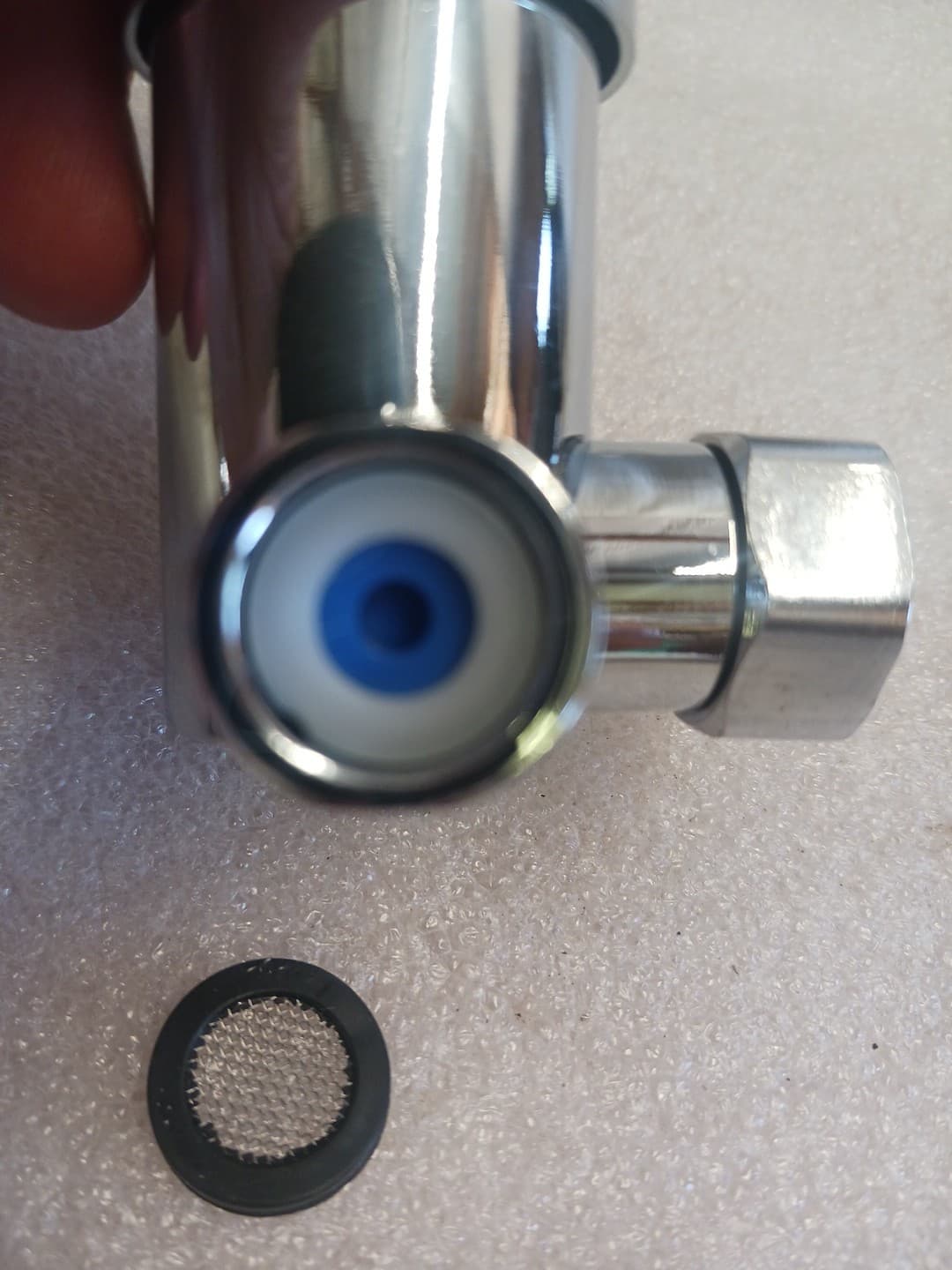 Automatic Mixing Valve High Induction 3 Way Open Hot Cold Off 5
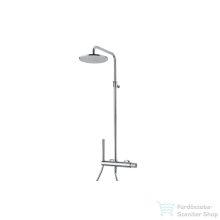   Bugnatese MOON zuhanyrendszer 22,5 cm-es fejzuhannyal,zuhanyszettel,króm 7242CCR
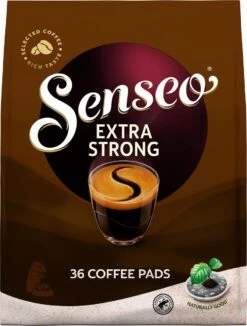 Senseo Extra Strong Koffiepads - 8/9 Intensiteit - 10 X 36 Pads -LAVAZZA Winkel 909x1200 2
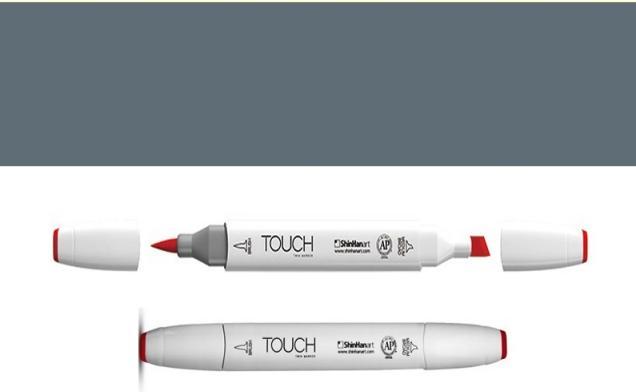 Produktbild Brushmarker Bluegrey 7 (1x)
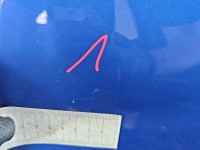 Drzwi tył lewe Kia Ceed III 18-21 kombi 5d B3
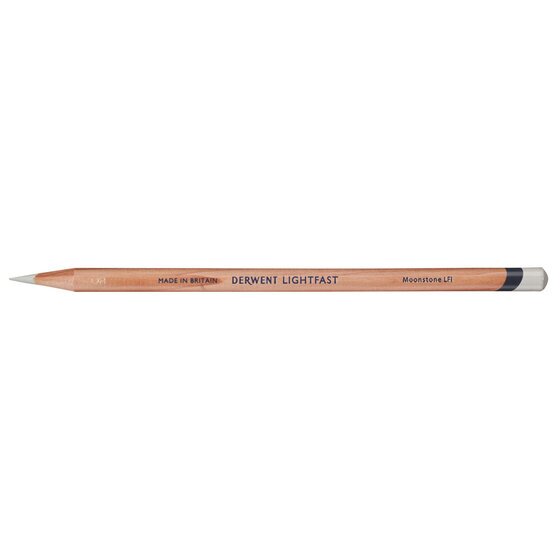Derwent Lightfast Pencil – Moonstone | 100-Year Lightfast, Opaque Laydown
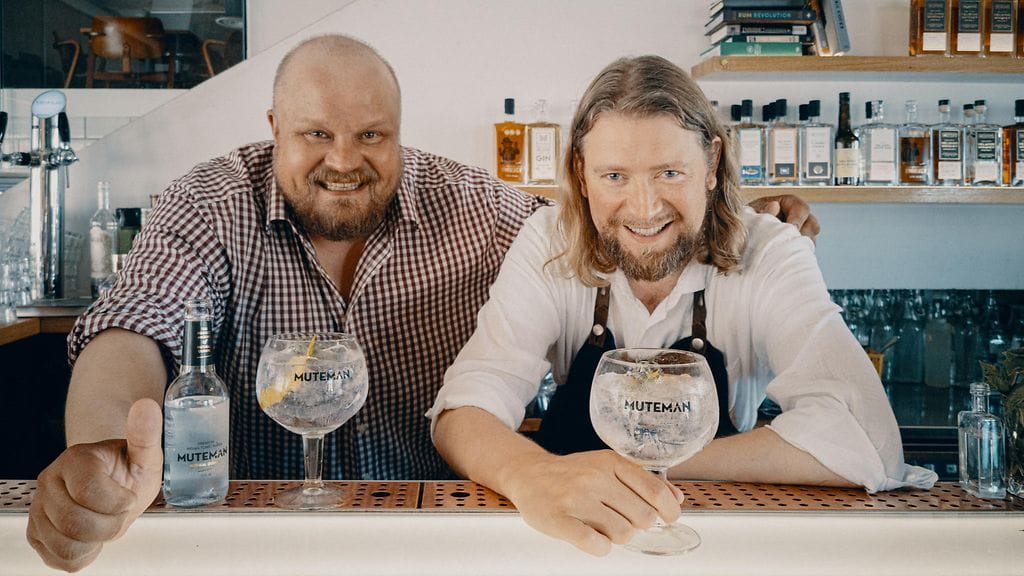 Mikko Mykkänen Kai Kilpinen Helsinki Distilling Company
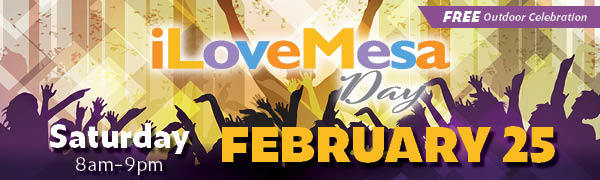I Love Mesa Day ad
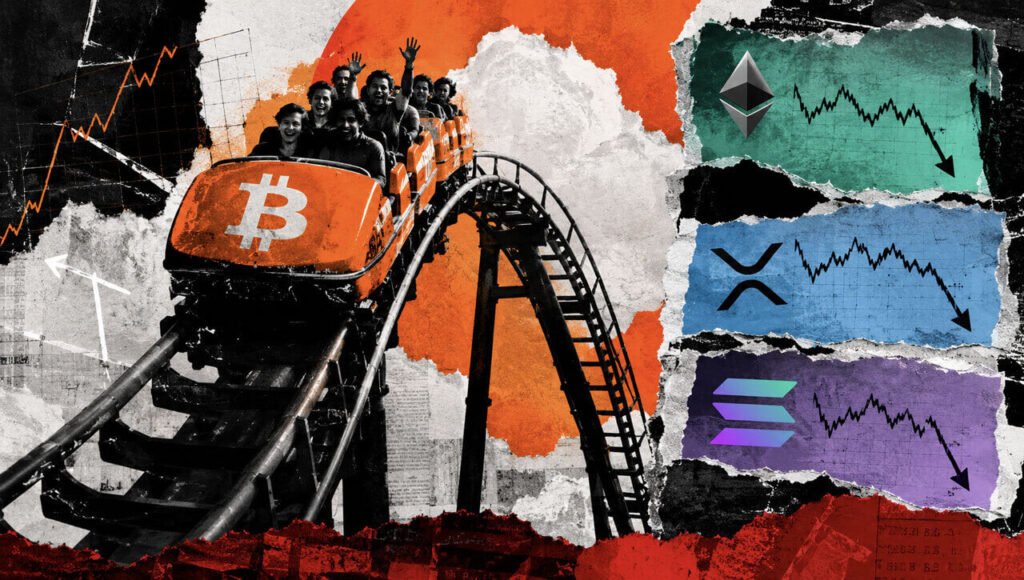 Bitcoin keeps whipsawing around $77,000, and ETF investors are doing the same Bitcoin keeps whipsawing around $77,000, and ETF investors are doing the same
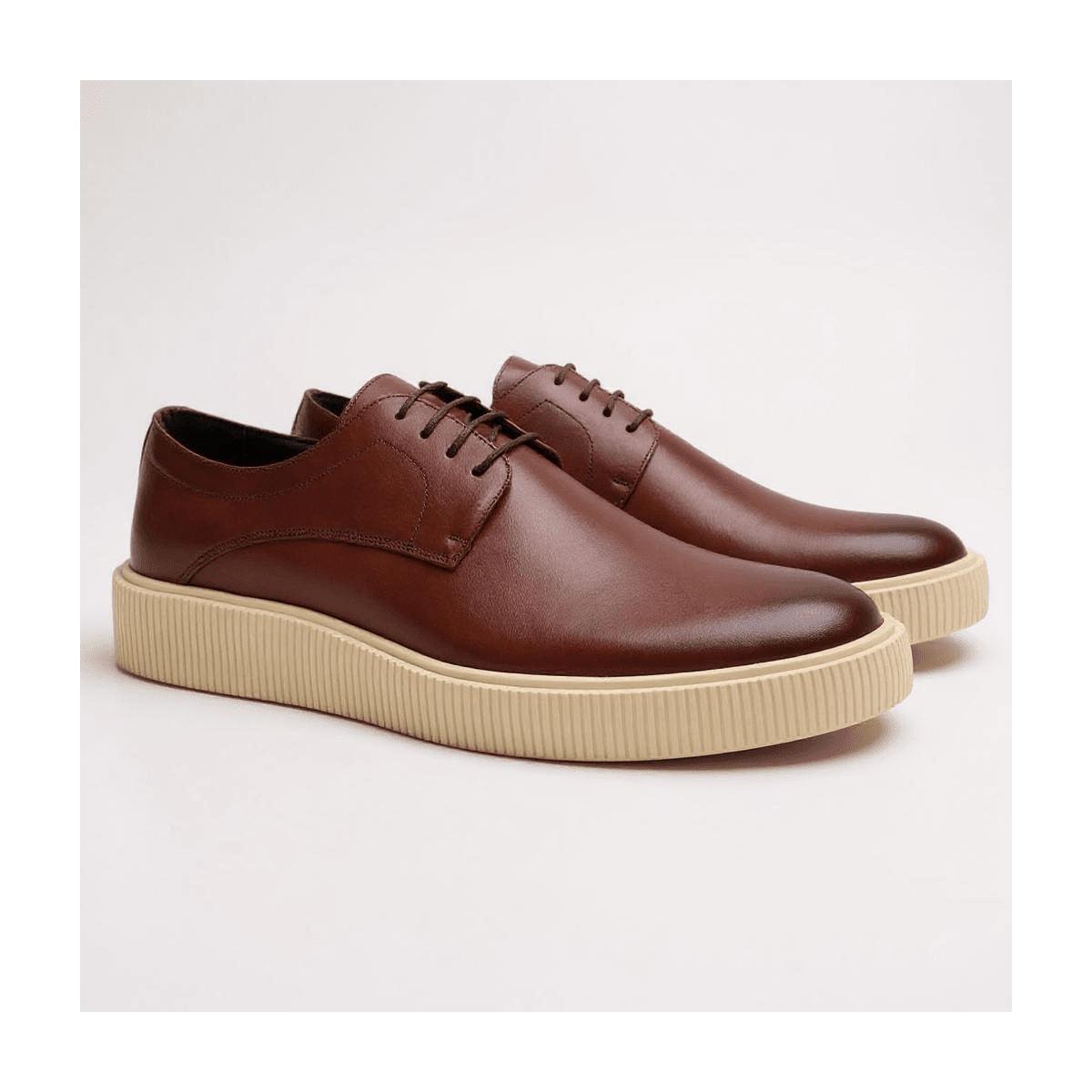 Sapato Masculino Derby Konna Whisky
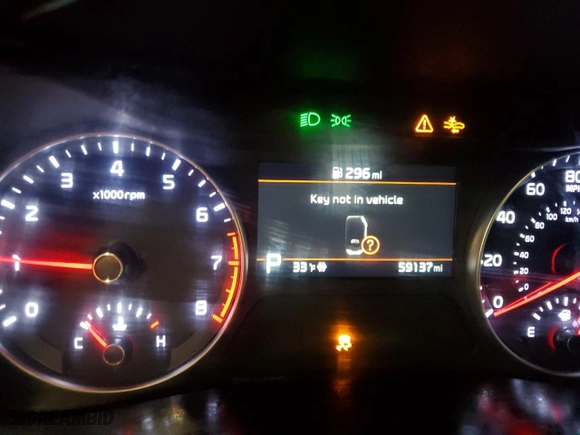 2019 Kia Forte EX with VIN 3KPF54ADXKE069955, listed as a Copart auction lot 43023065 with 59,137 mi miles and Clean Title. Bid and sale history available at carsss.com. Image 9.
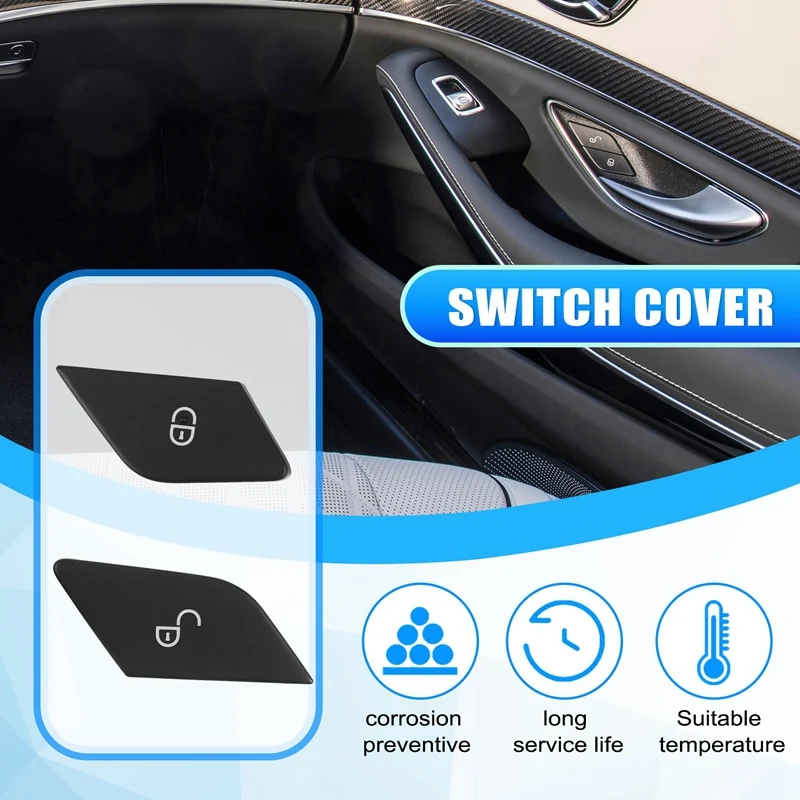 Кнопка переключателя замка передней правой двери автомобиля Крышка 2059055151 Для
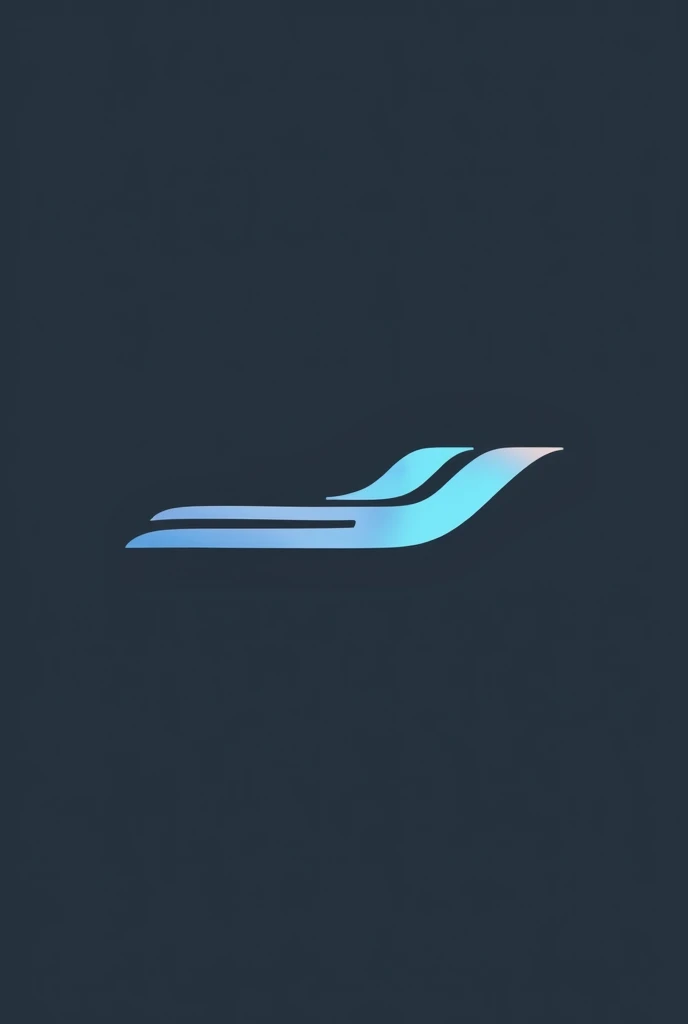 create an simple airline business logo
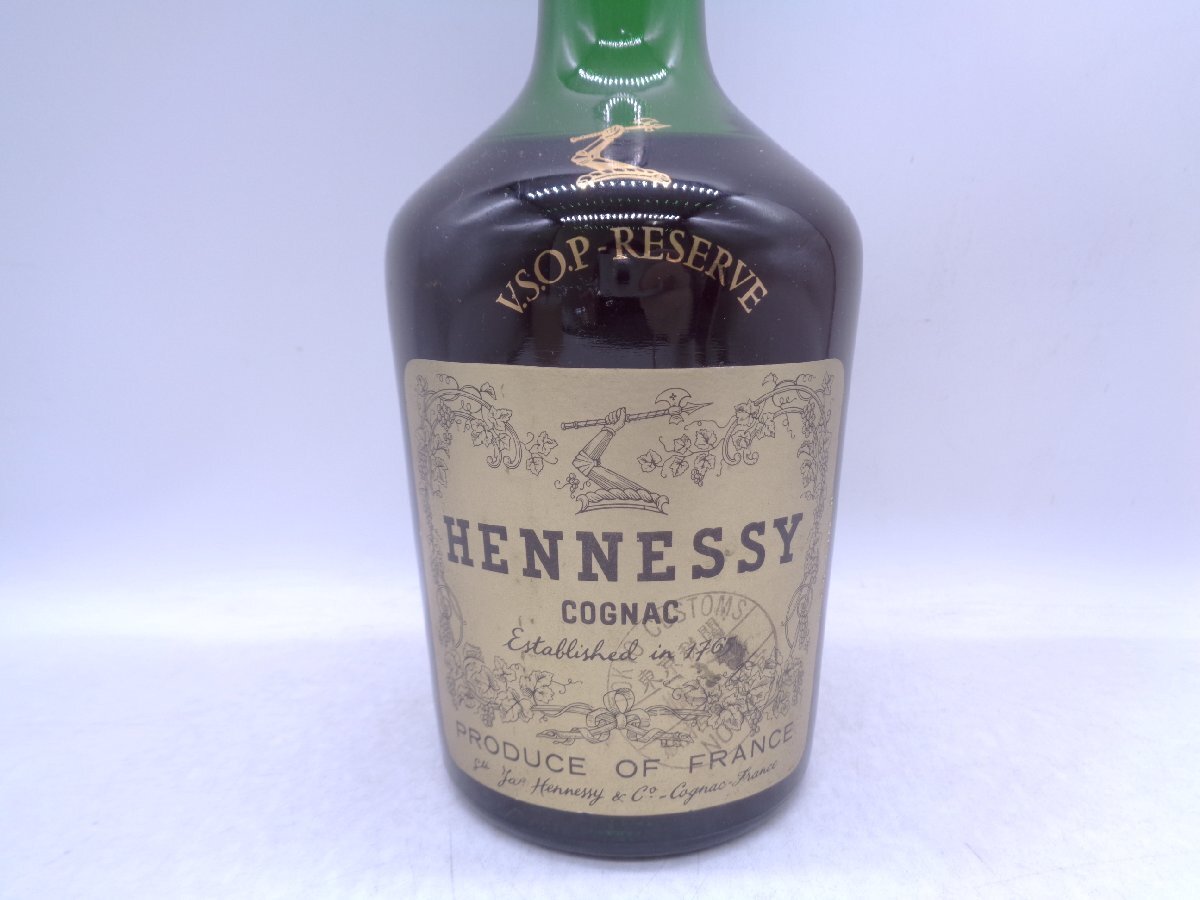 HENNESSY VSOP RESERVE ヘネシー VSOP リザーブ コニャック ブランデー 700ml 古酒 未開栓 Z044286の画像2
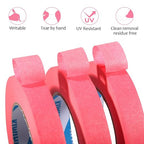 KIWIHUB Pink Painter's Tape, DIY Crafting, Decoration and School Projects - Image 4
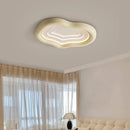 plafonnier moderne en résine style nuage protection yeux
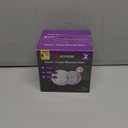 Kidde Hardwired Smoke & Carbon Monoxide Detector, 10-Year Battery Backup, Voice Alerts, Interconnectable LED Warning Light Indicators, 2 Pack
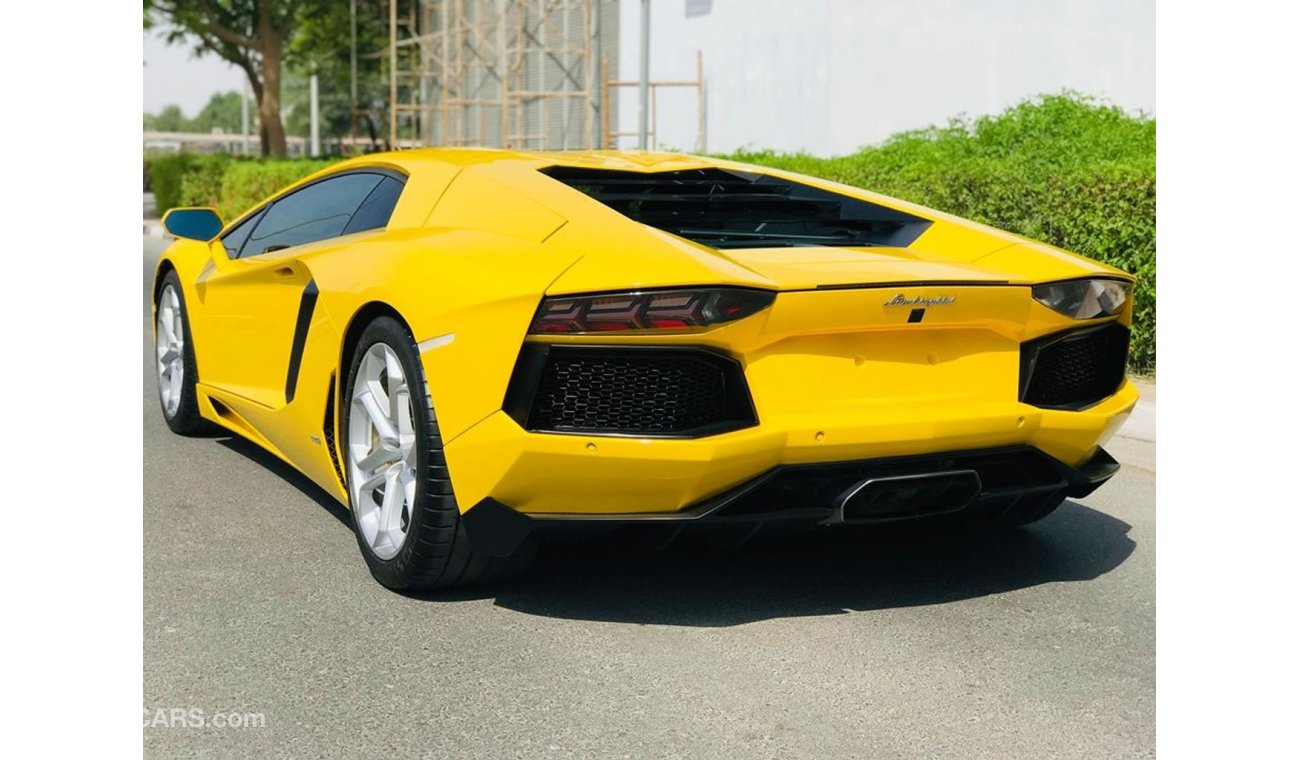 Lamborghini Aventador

+ + + +

▶ _To do_
Go back to the lines above and output, exactly as they stand, the ones from the line containing "Produktbild Brushmarker Bluegrey 7 (1x)" to the line containing "plafonnier moderne en". Leave all pictures behind.

▶ _Solved problem_
 Produktbild Brushmarker Bluegrey 7 (1x)
 Drzwi tył lewe Kia Ceed III 18-21 kombi 5d B3
Derwent Lightfast Pencil – Moonstone | 100-Year Lightfast, Opaque Laydown
 Mikko Mykkänen Kai Kilpinen Helsinki Distilling Company
I Love Mesa Day ad
 Bitcoin keeps whipsawing around $77,000, and ETF investors are doing the same Bitcoin keeps whipsawing around $77,000, and ETF investors are doing the same
 Sapato Masculino Derby Konna Whisky
 2019 Kia Forte EX with VIN 3KPF54ADXKE069955, listed as a Copart auction lot 43023065 with 59,137 mi miles and Clean Title. Bid and sale history available at carsss.com. Image 9.
 Кнопка переключателя замка передней правой двери автомобиля Крышка 2059055151 Для
 create an simple airline business logo
 HENNESSY VSOP RESERVE ヘネシー VSOP リザーブ コニャック ブランデー 700ml 古酒 未開栓 Z044286の画像2
 KIWIHUB Pink Painter's Tape, DIY Crafting, Decoration and School Projects - Image 4
 plafonnier moderne en résine style nuage protection yeux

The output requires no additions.